→ **Material for this exercise**:
━━━━━━━━━━
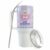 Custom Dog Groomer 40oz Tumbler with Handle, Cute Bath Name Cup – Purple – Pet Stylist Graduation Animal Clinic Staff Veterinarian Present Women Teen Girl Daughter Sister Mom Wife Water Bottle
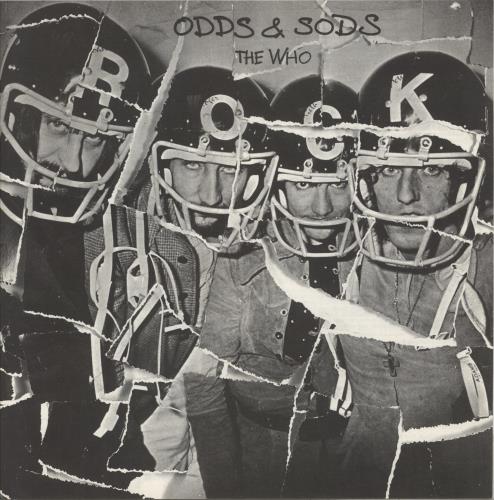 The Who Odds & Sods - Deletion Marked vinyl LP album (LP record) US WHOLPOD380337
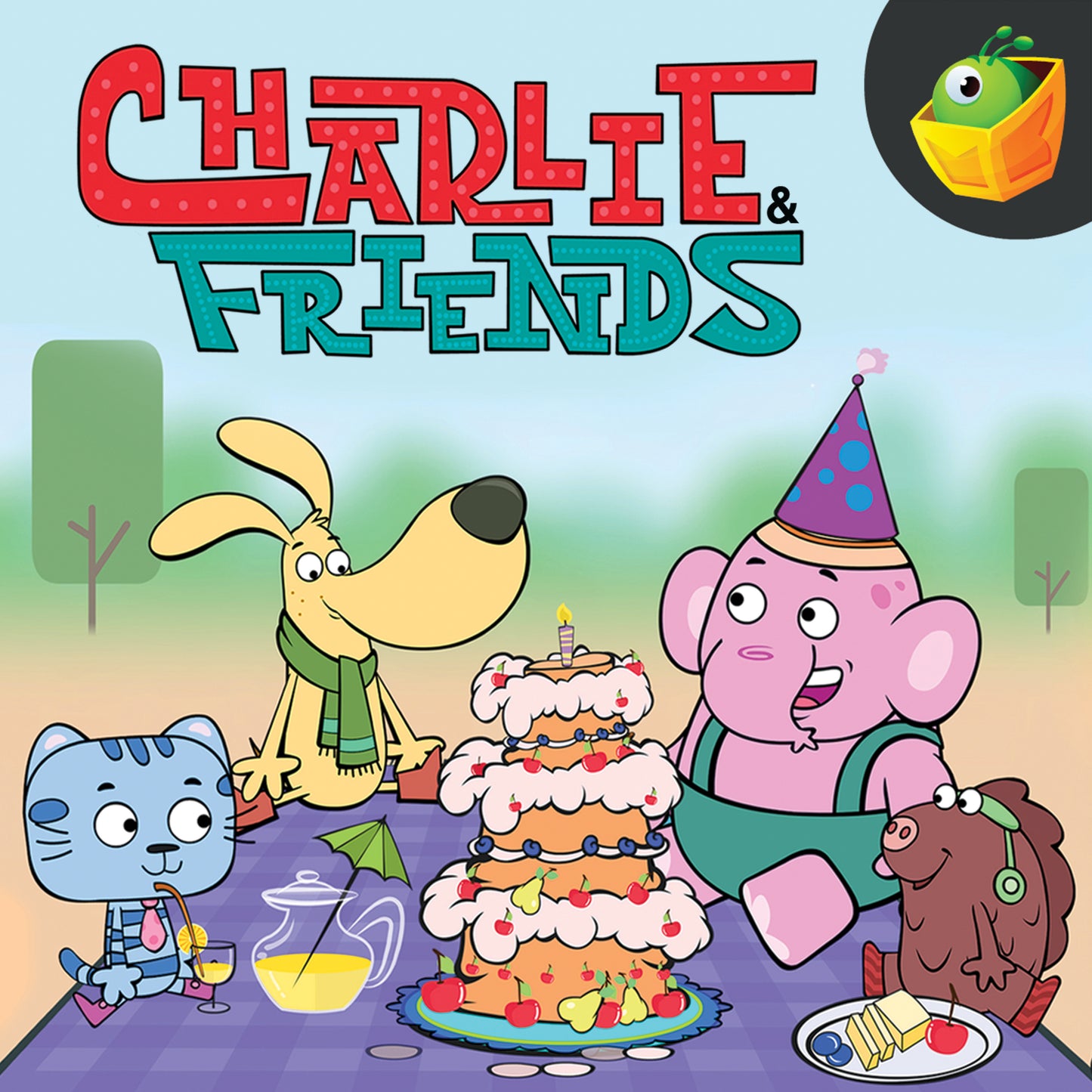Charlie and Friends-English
━━━━━━━━━━
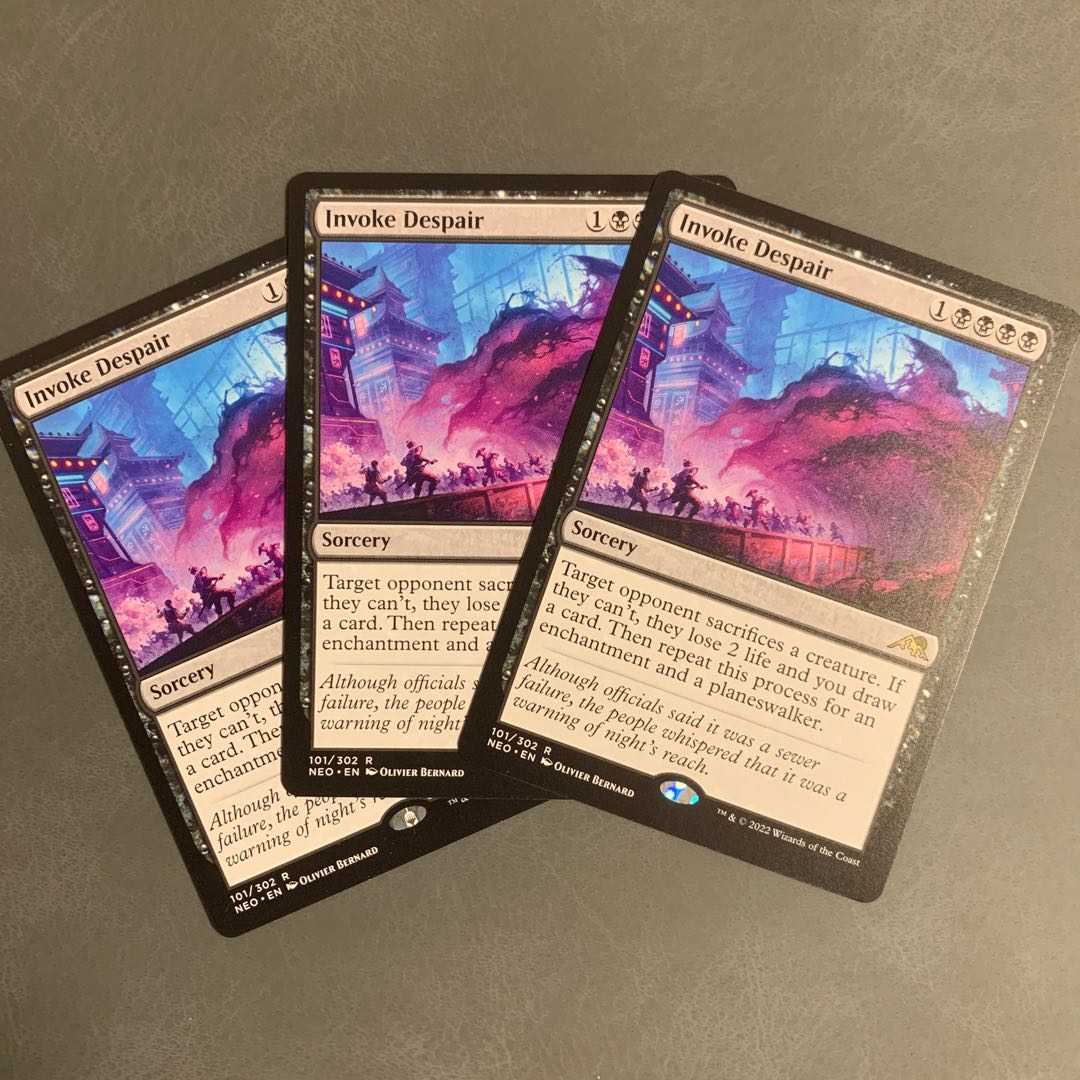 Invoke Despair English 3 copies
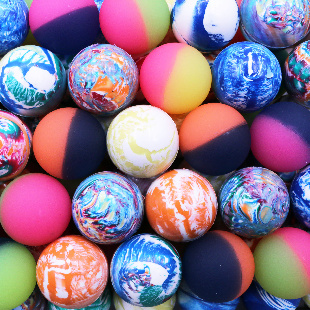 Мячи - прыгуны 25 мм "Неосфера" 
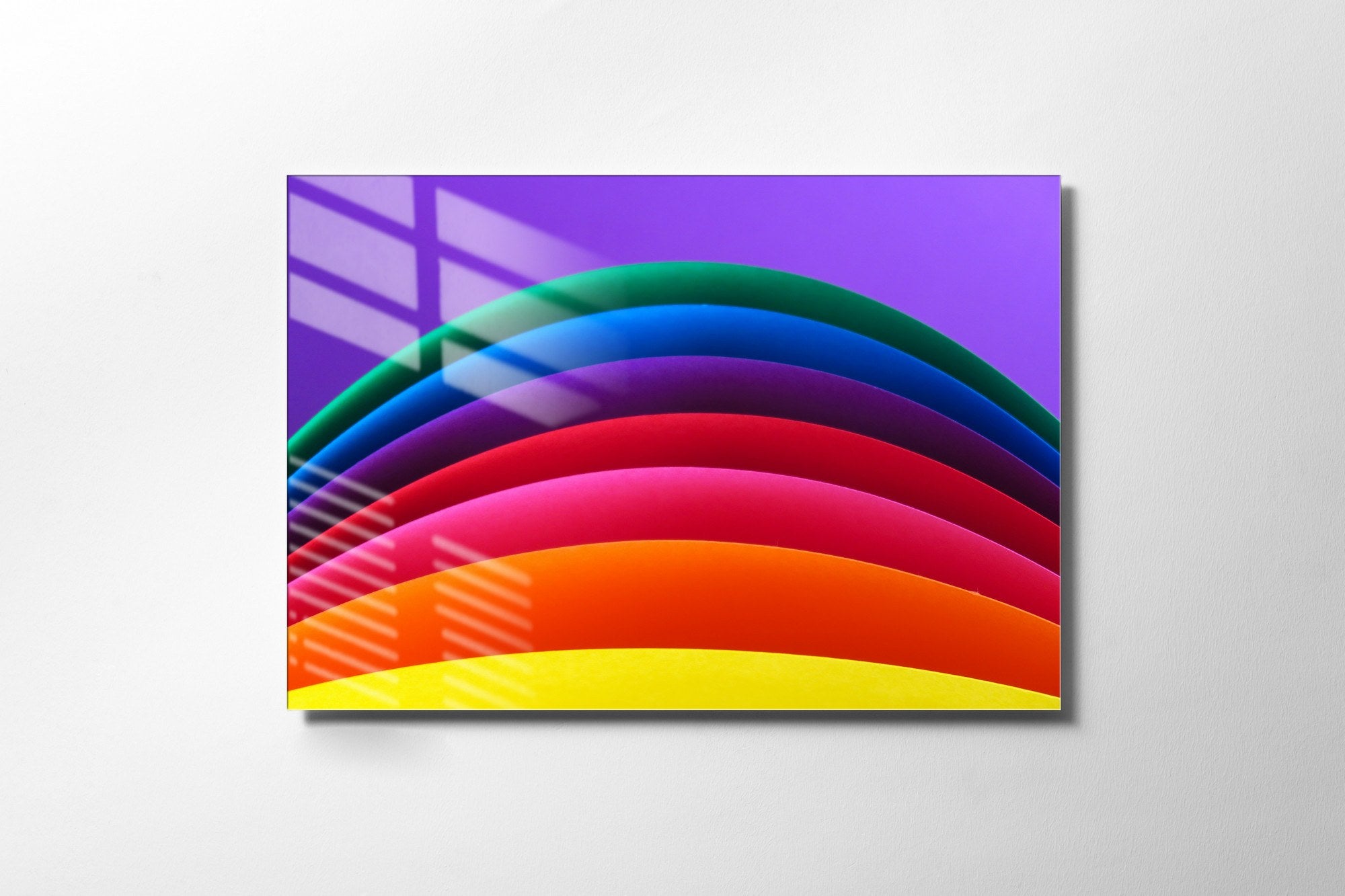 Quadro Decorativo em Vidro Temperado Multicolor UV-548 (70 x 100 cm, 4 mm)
━━━━━━━━━━
→ **Exercise**:
Repeat the lines above exactly, beginning with the one containing "Custom Dog Groomer" and finishing with the one containing "Charlie and Friends-English". No pictures belong in the copy.

→ **Expected answer**:
 Custom Dog Groomer 40oz Tumbler with Handle, Cute Bath Name Cup – Purple – Pet Stylist Graduation Animal Clinic Staff Veterinarian Present Women Teen Girl Daughter Sister Mom Wife Water Bottle
 The Who Odds & Sods - Deletion Marked vinyl LP album (LP record) US WHOLPOD380337
Charlie and Friends-English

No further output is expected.